Video Analysis Environment Configuration

The Video Analysis and Machine Learning functions provided by SuperMap iDesktopX depend on the Python environment and scripts. Since the environment package occupies a large amount of disk space, no related environment is provided in the basic product package. If you need to use functions such as Video Analysis and Machine Learning, you need to download the expansion pack and perform simple environment configuration.

The recommended computer hardware configuration is described below:

  • NVIDIA graphics card
  • Video memory ≥ 10 G, the minimum requirement is 6 G, if Object Extraction or SegmentAnything model is used for AI annotation, the video memory must be greater than 8 G
  • The latest graphics driver

1. Configure the Python environment

1.1 Get the Extension Pack

Download and SuperMap iDesktopX at SuperMap official website or Technical Resource Center The SuperMap iDesktopX Extension _ AI for Windows extension package (hereinafter referred to as the extension package) corresponding to the product package (hereinafter referred to as the product package) version.

The following resources are available in the extension pack:

  • Resources _ ml: Machine Learning resource package, including resources such as Sample Data and model Config File;
  • support
    • MiniConda: running environment for AI analysis.
  • Templates: Video Effects resource.

1.2 Configuring the Extension Pack

Copy the resource _ ml, support, and templates folders in the extension package to the root directory of the product package. The path of the product package cannot contain Chinese characters.

2. Configure the Video Analysis environment

2.1 Configuring the Video Analysis Model

2.1.1 Download the Video Analysis model of the corresponding version according to the version of the product package. The download address is https://pan.baidu.com/s/1aLaUMHubD9x66Mw2FRNhPw?pwd=2024 . The extraction code is 2024.
2.2.2 Copy the downloaded video-detection folder to the package root/support folder.
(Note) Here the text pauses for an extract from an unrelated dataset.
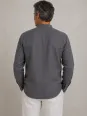 Men's taupe band collar linen shirt – back view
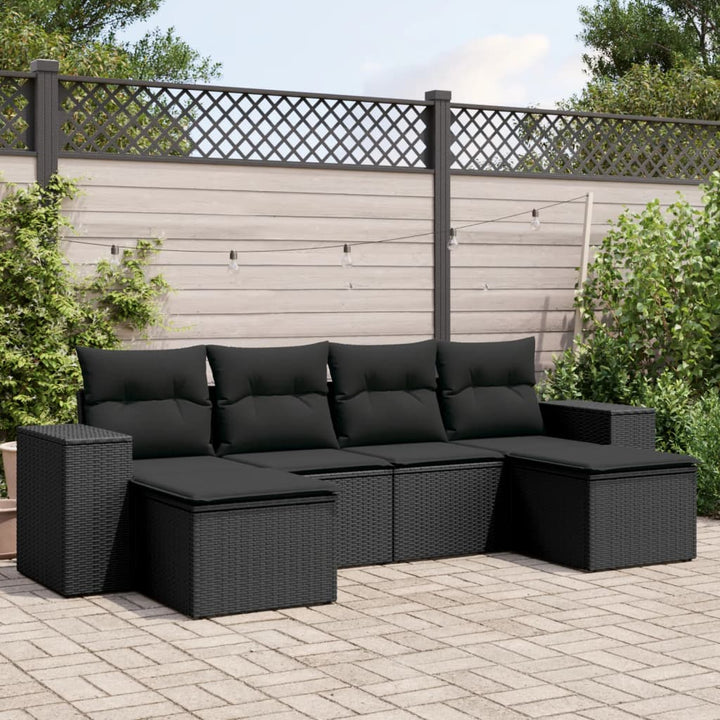 Set Mobilier Grădină Cu Perne, 6 Piese, Gri, Poliratan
2.2 Configuring Video Analysis Code

2.2.1 Download the Video Analysis code resource package of the corresponding version according to the product package version in the https://gitee.com/SuperMapDesktop/deep-sort-yolov4 .

 

2.2 Video Analysis code resource package deep-sort-yolov4-x to be downloaded (X is the identified version number, if 11.2.0 branch is selected, The package name is "deep-sort-yolov4-11.2.0") is copied to the package/support/video-detection/deep-sort-yolov4 folder.

2.3 High Performance Video Analysis Environment

To improve the detection performance of Video Analysis, it is recommended to configure the Redis environment. Make sure Redis is started before using high performance detection. The configuration of the Redis environment is described as follows:

2.3.1 Download Redis and unzip it.

2.3.2 In the Redis package directory, double-click to start the redis server. Exe.

2.3.3 Open the iDesktopX package/configuration/Desktop. Parameter. XML file, Change HighPerformance Detection = "false" to HighPerformance Detection = "true".

2.3.4 Launch SuperMap iDesktopX.

2.4 Push Live Stream

Video Analysis results can be pushed as a live stream for easy viewing of Analyst Results on the Web. However, this process requires additional environment deployment, which is described as follows:

2.4.1 Download ffmpeg from the official website, download address: https://github.com/BtbN/FFmpeg-Builds/releases .

2.4.2 Copy the ffmpeg. Exe to the root directory/support/video-detection/Tools/of the product package after decompression;

2.5 TensorRTModel Convert

SuperMap iDesktopX supports converting YOLOv5 TorchModel to TensorRT format, which is currently only supported on windows 10. The environment deployment is described as follows:

2.5.1 Download Miniconda3, download address: https://docs.conda.io/en/latest/miniconda.html , select version 3.8, click Download, and install it.

2.5.2 Load and decompress the TensorRT package, and click to download the following package address: https://developer.nvidia.com/nvidia-tensorrt-8x-download ;

2.5.3 Run Miniconda3 as an administrator in the Start menu bar of Windows to pop up a console window;

2.5.4 Input the conda activate conda path, and the conda path is the path after the AI expansion package is decompressed and configured;

2.5.5 The console enters the directory where the TensorRT package is decompressed, installs graphsurgeon, uff, onnx _ graphsurgeon, and TensorRT, and executes the following commands in turn:


  cd .\graphsurgeon\
  pip install .\graphsurgeon-0.4.6-py2.py3-none-any.whl
  cd ../
  d .\uff\
  pip install .\uff-0.6.9-py2.py3-none-any.whl
  cd ../
  cd .\onnx_graphsurgeon\
  pip install .\onnx_graphsurgeon-0.3.12-py2.py3-none-any.whl
  cd ../
  cd .\python\
  pip install .\tensorrt-8.6.1-cp38-none-win_amd64.whl
  

2.5.6 Copy all DLL files in the lib folder of the decompressed directory of the TensorRT package to the root directory of the product package/support/video-detection/TensorRT/.